Des visages familiers aux joues roses qui se ressemblent et se confondent nous scrutent à travers une touche épaisse et mouvementée. Ils capturent l’attention de ceux qui les observent, fouillant une réciprocité dans le regard, une interrogation quant à l’identité. Car c’est ce que recherche Rayk Goetze, artiste allemand originaire de Leipzig. Il questionne l’identité d’une peinture moderne qui s’inspire d’artistes baroques ou maniéristes.
Une inertie anormale, une paralysie des plus totale se ressentent dans les peintures de l’artiste; que ce soit dans les portraits, les plans en plein pied ou bien les peintures abstraites. Le temps s’est arrêté. Les sujets ne sont pas capturés en plein mouvement comme la photographie. Le temps narratif est inexistant. Ils sont là, dans un temps suspendu au silence assourdissant. Les protagonistes de « Ross » et « Kriegerin » paraissent être seuls au monde, envahis seulement par un vide pesant. En effet, ces peintures n’illustrent pas notre ère, ne matérialisent pas notre présent et ne sont jamais rationnellement expliquées. Notre incompréhension naît devant ces fonds abstraits qui se mêlent aux personnages. Où commence l’arrière-plan et ou s’arrête l’avant-plan? Que doit regarder l’œil en premier? Ces marques expressives et abstraites sont la touche personnelle de l’artiste. Cette peinture brillante, vive et sombre est étirée, striée et lancée dans un monde clos et fermé sur lui-même.Car ce ne sont pas des fonds quelconques où sont simplement posés les individus, ce sont eux seuls qui permettent à la figuration de naître tout en restant au même plan que l’abstraction. Car tout se mêle et s’entremêle.Les peintures abstraites de Rayk Goetze montrent que sa touche picturale, qui sert de fond, peut vivre par elle-même comme on le voit avec « Plattform », « Stätte » ou bien « Gelände ».
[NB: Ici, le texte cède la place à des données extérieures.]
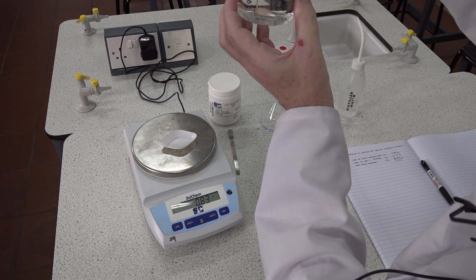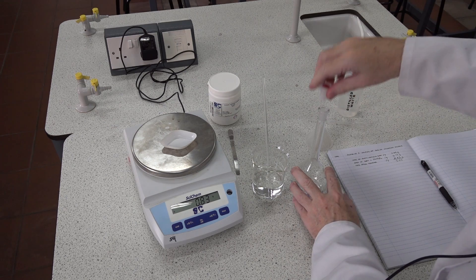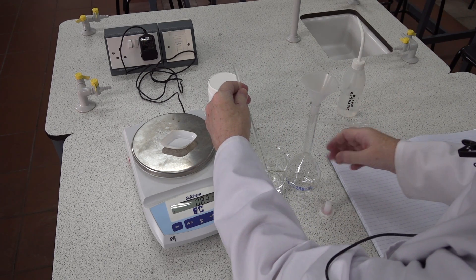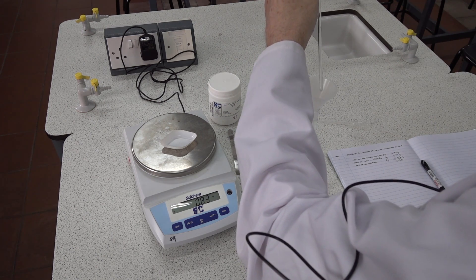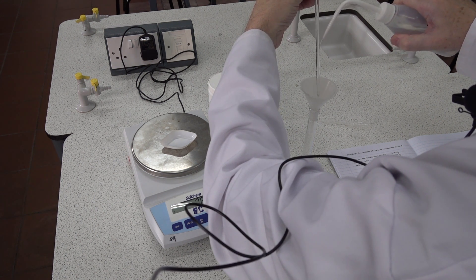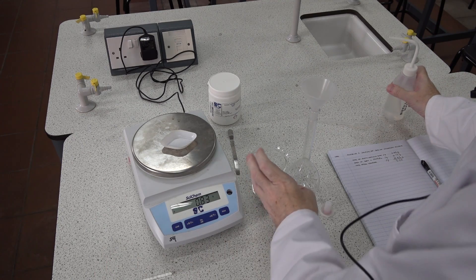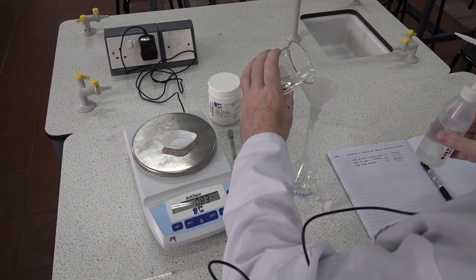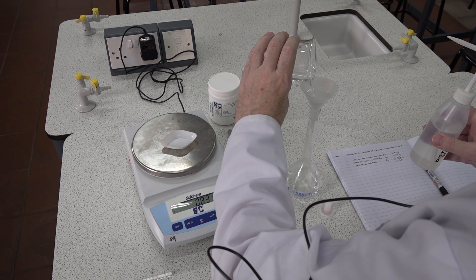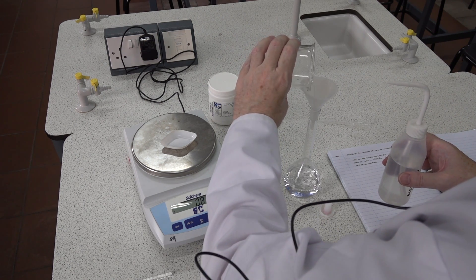Finally the salt has dissolved. The next stage is to transfer all the solution into the volumetric flask, and we need to wash all the equipment we've used. First, let's start with the glass rod — replace the wash bottle and be careful not to touch the tip of the wash bottle onto the equipment. There, we've washed the rod. Next we can tip the solution into the flask.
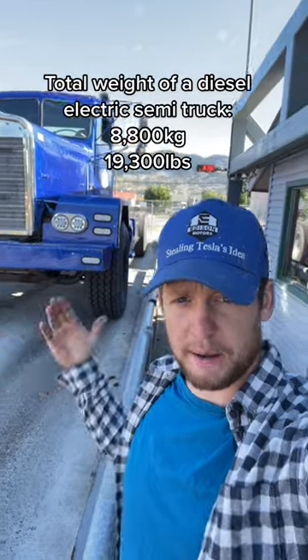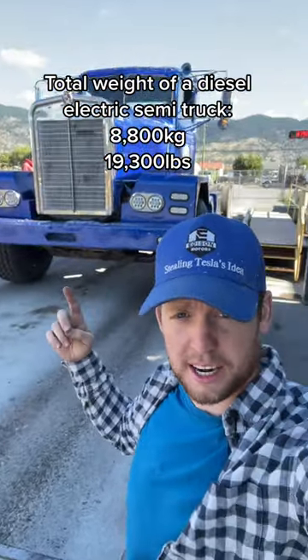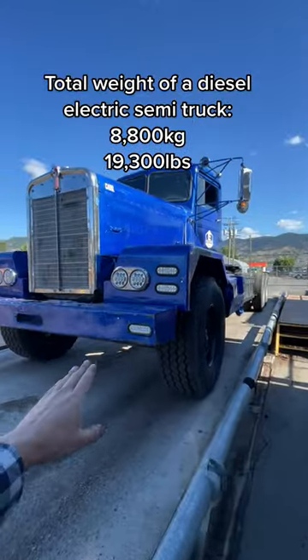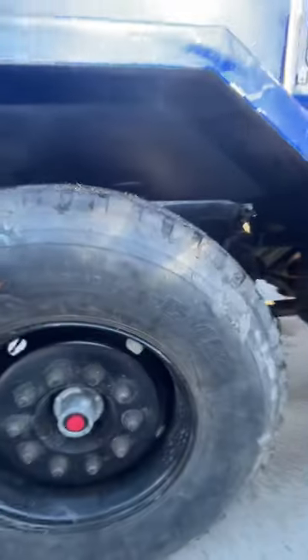People wanted to know what a diesel-electric truck weighs — the total weight with the diesel engine, batteries, and electric drive motors. Now that we're on the scales at Aspen's, it's 8,800 kgs — keep in mind that with those 19,500 pounds, we do have the 425 steer tires with the steel rims.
Le réalisme des corps, le rendu des textures mais surtout le travail du drapé (« Ariel », « Kingdom ») expriment l’influence de la peinture maniériste et baroque sur les œuvres de Rayk Goetze.L’artiste porte plutôt un intérêt spirituel que matériel au tissu. La « force majeure », comme il le surnomme, entoure le problème de notre vie extérieure et intérieure, la place d’une dimension spirituelle mais surtout le pouvoir du destin. En questionnant ces éléments, Rayk Goetze veut montrer son implication dans une peinture contemporaine tout en dévoilant ses inspirations aux grands maîtres de la Renaissance, du Maniérisme et du Baroque. L’artiste est dans une quête picturale et non dans une « régurgitation » historique. Chaque unité du tableau est son propre monde, elle vit en autonomie. De plus les fonds ténébreux repoussent l’œil, l’enfermant dans la peinture se trouvant devant lui.
Une puissance nous attire dans les ténèbres de ces tableaux sombres qui mettent en exergue des figures déshumanisées car non contextualisées. Les fonds abstraitsse détournent de l’Homme, se renferment sur eux-mêmes, engloutissant les personnes emprisonnées à l’intérieur. Rayk Goetze a une touche picturale très reconnaissable, chaque tableau se ressemble mais est pourtant si différent. Une seule lettre différencie « Bad King » de « Sad King », néanmoins, des disparités sont présentes. L’un semble plus achevé que l’autre, comme si le travail de Rayk Goetze n’était qu’éternel recommencement, éternelle insatisfaction.